Hrmm, hrmm. With something as symbolic as The Tatami Galaxy, I would think I would enjoy it more. But alas, it was rather up and down for me. At points in time, I was more interested in what was playing next to me on the television than the anime itself, while at other points (specifically the ending), you couldn’t get me to look away. Personally, I believe this was due to a slow build-up. While watching the third to last episode of this series, I could only think of one other anime series I could compare this to: Kuuchuu Buranko.
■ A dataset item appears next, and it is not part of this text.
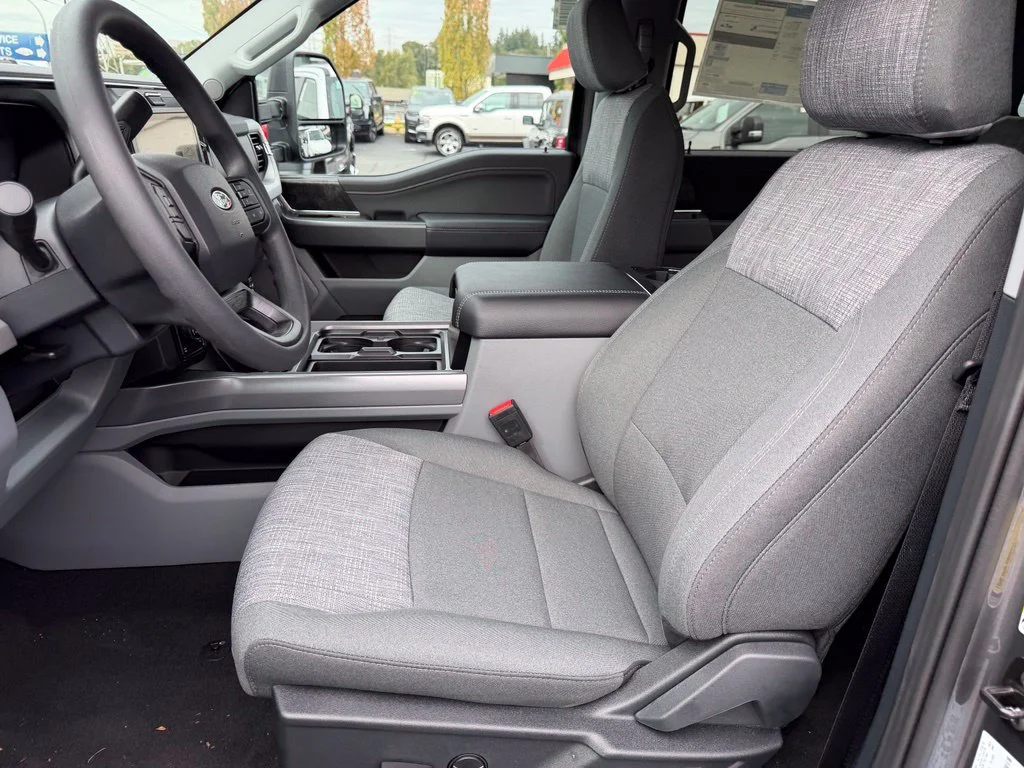 New 2027 Carbonized Gray Metallic Ford F-250® XLT image 13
The Tatami Galaxy has a plot that basically says (and says almost every episode), “Grasp what’s in front of you.” Never delude yourself with hopes and dreams that can never be accomplished without work and a mighty wisp of perseverance. You’d be surprised at the possibilities of your current lifestyle, even if it isn’t exactly to your liking. I thought the concept of using every episode to show different choices one could make was interesting, however, the premise got dull after a while, seeing as they would all result in virtually the same message. Of course, this is the point of the story, but when I’m reminded of watching The Endless Eight, that’s not something I’d like to re-live again, even if that was slightly exaggerated. The last two episodes in particular were hard to take in all at once. When you expect to see the same scenario each and every episode, suddenly taking a different course can be somewhat harmful. I had a hard time (particularly in episode ten) paying attention to the episode at hand. Fortunately for me, episode eleven made it all clear to me, and basically filled in the gaps of what I may have missed, even if I had to draw from my own conclusions, which is always fun. It also makes me wonder if episode ten was even completely necessary… yes, it was, but probably not to the degree of explanation that it provides.
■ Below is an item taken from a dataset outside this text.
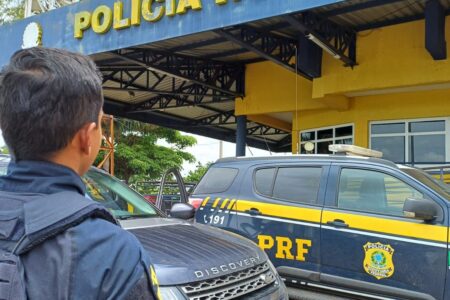 PRF recupera carro de luxo em Morrinhos que foi roubado há três meses em SP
Initially, I was confused when all of the characters’ faces, which I had become accustomed to, suddenly changed during the second half of the final episode. Then, I thought about it. This anime truly likes to be symbolic. So juicy. My favorite character in this entire show was Ozu. I had always come to enjoy that devilish smirk of his (which was why I was disappointed at the end). His behavior was also one to my liking, as it seemed to be the polar opposite of the main character’s. Speaking of which, the main character looks quite dashing with a beard. Besides his looks, the main character was also an interesting character. That being said, I didn’t care for him. Perhaps it was his hesitant personality. Perhaps it was his constant refusal to give any attention to Akashi. Perhaps it was because he was snow white. I’m not sure, really. I just didn’t care for him, all throughout. Akashi was interesting, too. I think I would like her, if the anime decided to focus more on her as a person than a prize. Many of the other characters, whom I’d rather not mention by name due to my fingers falling off, were varied in likability. The characters, along with the creative ambition behind the plot and the art style, was the driving force of the title.
Ah, art. It is rather unusual to see characters that actually look somewhat like real people. Their eyes aren’t the size of their hands and their skin is as white as… white. Not to mention, when you want to be symbolic, you make the environment look like a colorful array of bombastic proportions. I believe the character designs are truly what make this anime… er, enjoyable. I’d rather not say “great,” as I don’t think this anime is. The over-exaggerative expressions are always nice. Goes to show the amount of emotion a character is putting forth… in an obvious fashion. And the symbolism isn’t hard to catch, either, particularly on the last episode. Just be sure to stay awake all the way there.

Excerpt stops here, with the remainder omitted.